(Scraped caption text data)

····················

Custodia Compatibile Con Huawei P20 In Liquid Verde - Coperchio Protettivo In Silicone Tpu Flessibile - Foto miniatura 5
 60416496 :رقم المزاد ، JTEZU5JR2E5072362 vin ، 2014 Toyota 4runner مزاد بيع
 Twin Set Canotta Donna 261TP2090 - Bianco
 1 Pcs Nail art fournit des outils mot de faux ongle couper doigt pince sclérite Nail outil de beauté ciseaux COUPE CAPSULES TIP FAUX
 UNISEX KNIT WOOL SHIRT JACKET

····················

• _WHAT THE TASK ASKS_
Beginning at the line with "Twin Set Canotta Donna 261TP2090 - Bianco" and ending at the last line of the entries, print every line exactly.

• _WRITTEN ANSWER_
 Twin Set Canotta Donna 261TP2090 - Bianco
 1 Pcs Nail art fournit des outils mot de faux ongle couper doigt pince sclérite Nail outil de beauté ciseaux COUPE CAPSULES TIP FAUX
 UNISEX KNIT WOOL SHIRT JACKET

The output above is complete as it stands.